The Corsican Brothers is a 1985 American adventure television film based on the 1844 novella by Alexandre Dumas. It was directed by Ian Sharp, and stars Trevor Eve, Geraldine Chaplin, Olivia Hussey, Nicholas Clay, Jean Marsh, Benedict Taylor, Simon Ward, and Donald Pleasence. It aired on CBS on February 5, 1985, as an episode of the Hallmark Hall of Fame series.

==Plot==
The de Franchi family is locked in a deadly vendetta with the de Giudici family in 19th century Corsica. Lucien and Louis de Franchi are twin brothers. Lucien wants to continue Corsican traditions, while Louis wants to end the vendetta and declare peace. Both brothers are in love with Annamaria de Giudice.

==Cast==
- Trevor Eve as Louis de Franchi / Lucien de Franchi
- Geraldine Chaplin as Madame De Franchi
- Olivia Hussey as Annamaria De Giudice
- Nicholas Clay as Giordano Martelli
- Jean Marsh as Mazzere
- Benedict Taylor as Georges Du Caillaud
- Simon Ward as Duc Dechateau Renaud
- Donald Pleasence as Chancellor
- James Hazeldine as Vincente De Franchi
- Patsy Kensit-Healy as Emilie Du Caillaud
- Margaret Tyzack as Madame De Giudice
- Mark Ryan as Bernardo De Giudice

==Production==
The lead role was originally meant to be played by Pierce Brosnan, then best known for Remington Steele. However he read the script for the feature film Nomads and decided to make that instead. It turned out that Corsican producer Norman Rosemont was unable to accommodate Brosnan's limited schedule.
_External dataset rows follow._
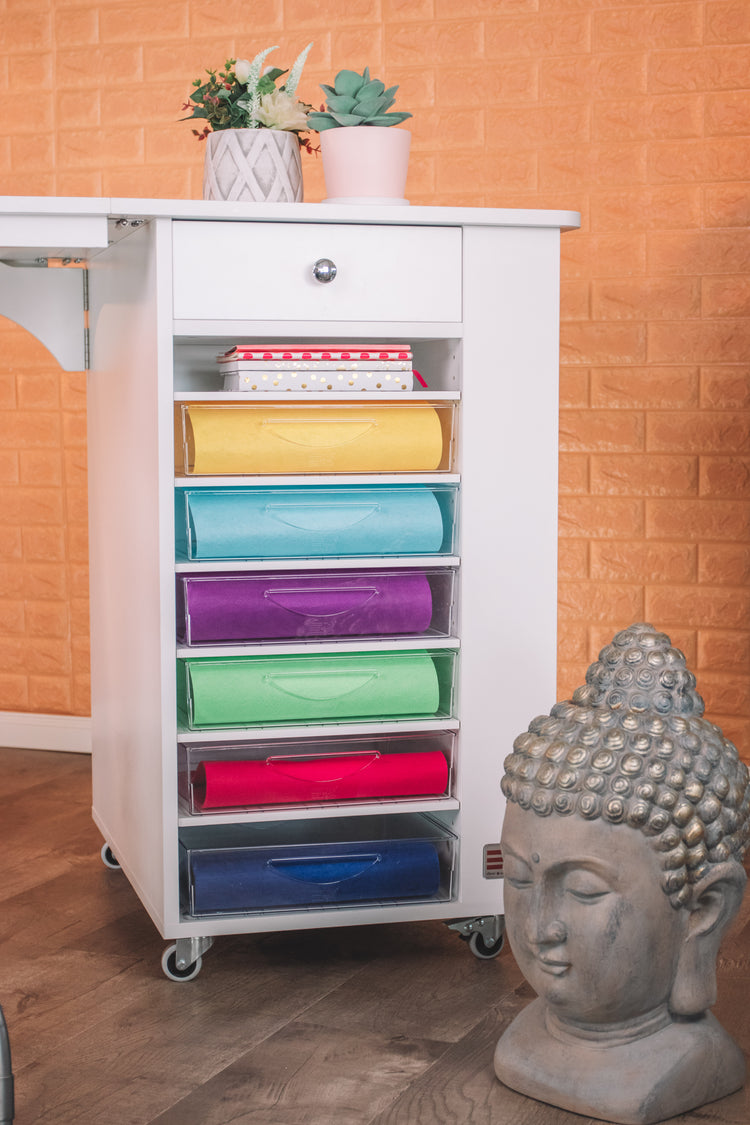 BrandBox MAXI DESK - Erhöhter Bastelschreibtisch - The Brand Box Handel & Vertrieb GmbH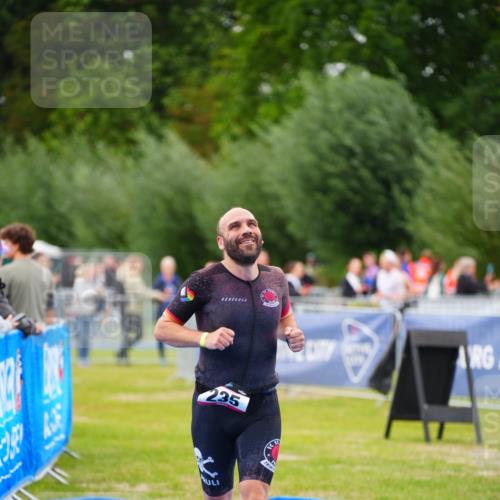 30.08.2026 - Elbe Triathlon Hamburg LAZAROV Photography http://msf.ph/oto/10030463 30.08.2026 10:18:55 Ziel 235 meine-sportfotos.de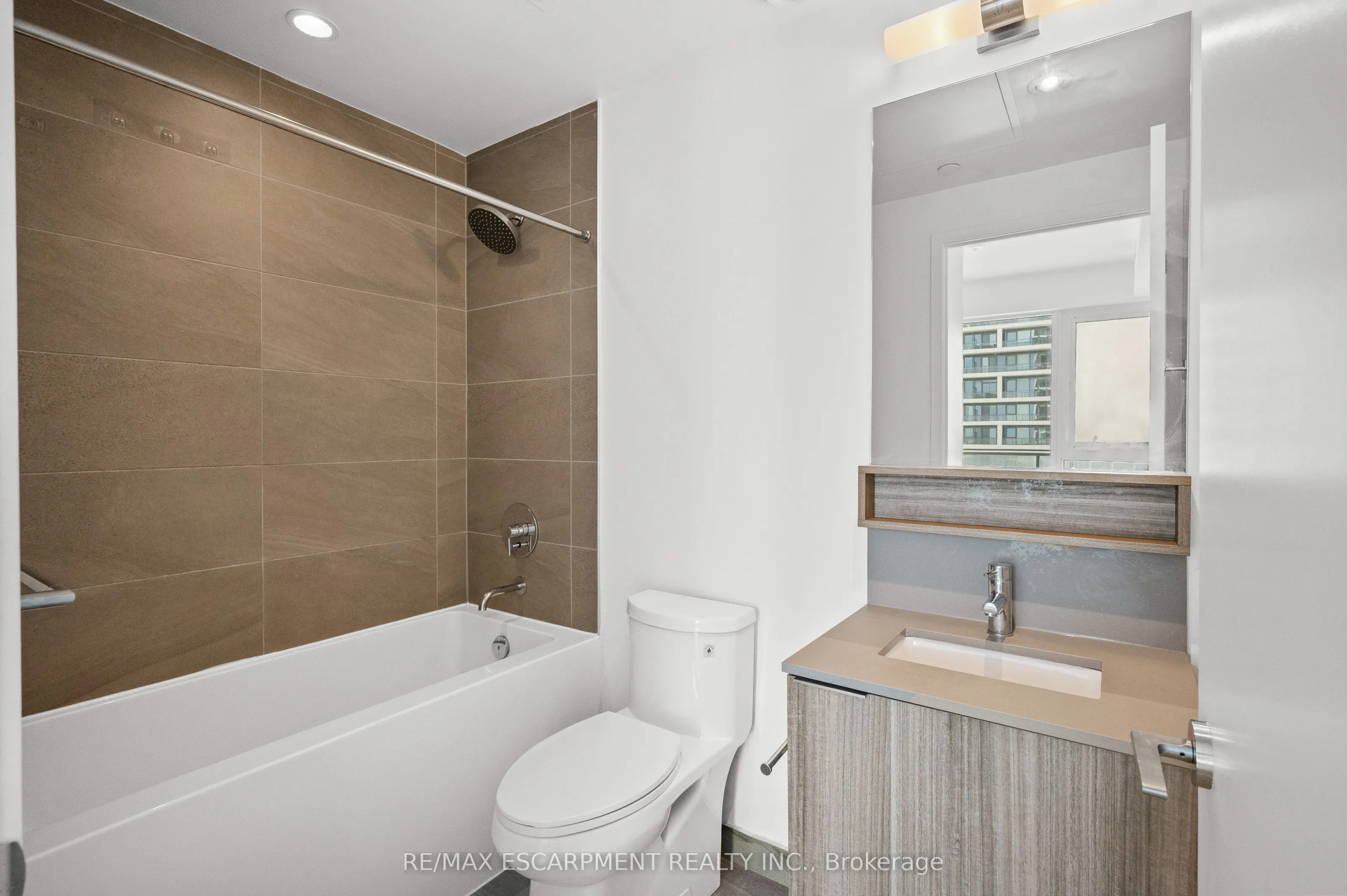 898 Portage Parkway, #2107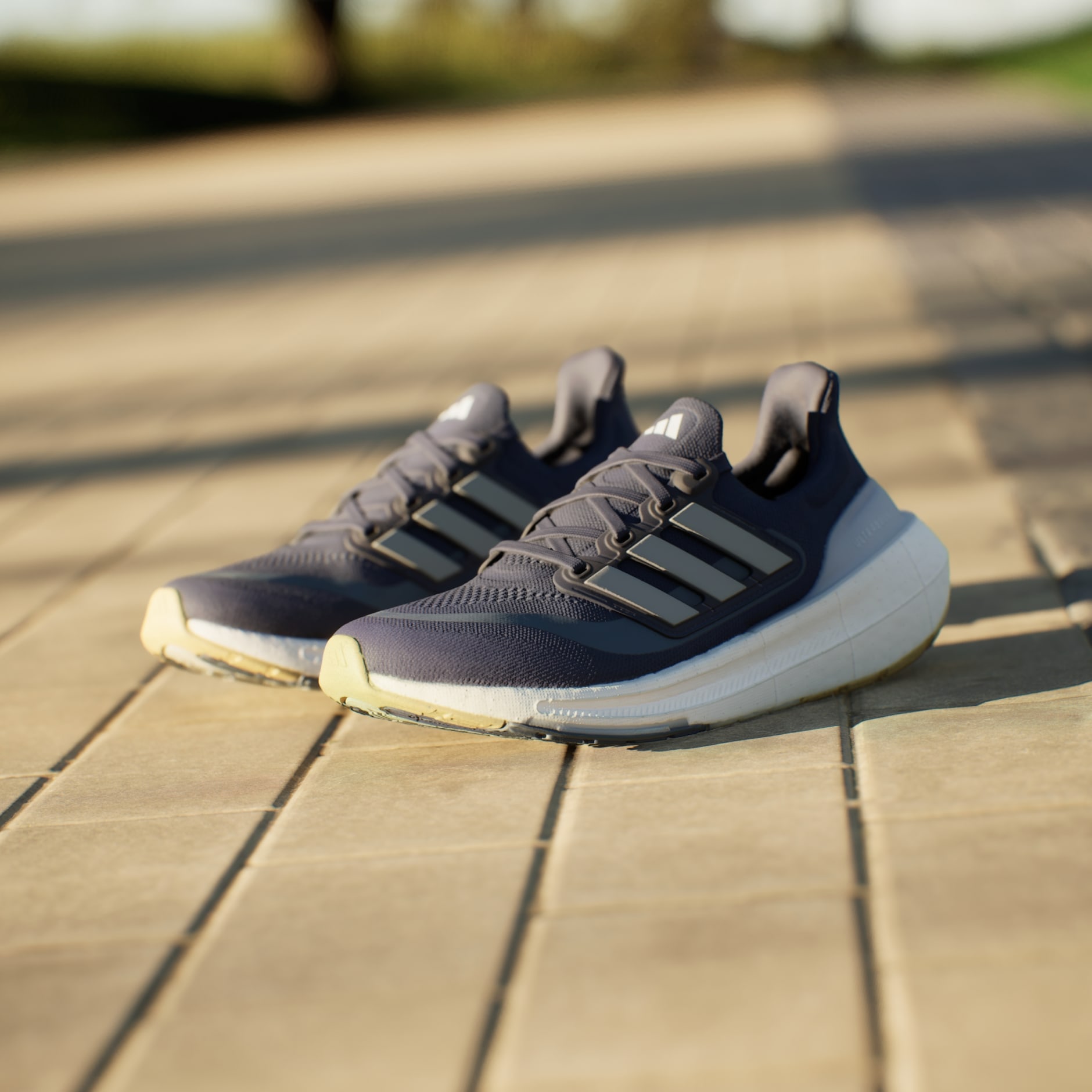 נעלי Ultraboost Light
Instead the producers cast Trevor Eve, who several CBS executives had seen on stage in London.

The film was shot in Aix-en-Provence and the south of France hill village of Cipieres.

Star Trevor Eve said "Lucien was the hunter. I played him as a rough, tough kid. The kind who as a boy yelled a lot and developed a hoarseness in his voice. He dressed roughly and wore the same clothes every day. His hair was wild and was never washed. Louis was more cerebral and refined. He was better groomed. It was easier to play Lucien. You could flop out of bed in the morning and go to the set without brushing your hair."

==Reception==
The New York Times called it "giddy escapist hookum" which "nevertheless skillfully recaptures the flavour and rhythms of old-time Technicolor words-and-daggers romps".

The Chicago Tribune said the film "has an old-fashioned look and a few drawbacks. Its sword play rings of clashing steel, but its dialogue has the clunk of wood, despite the best efforts of a sterling cast."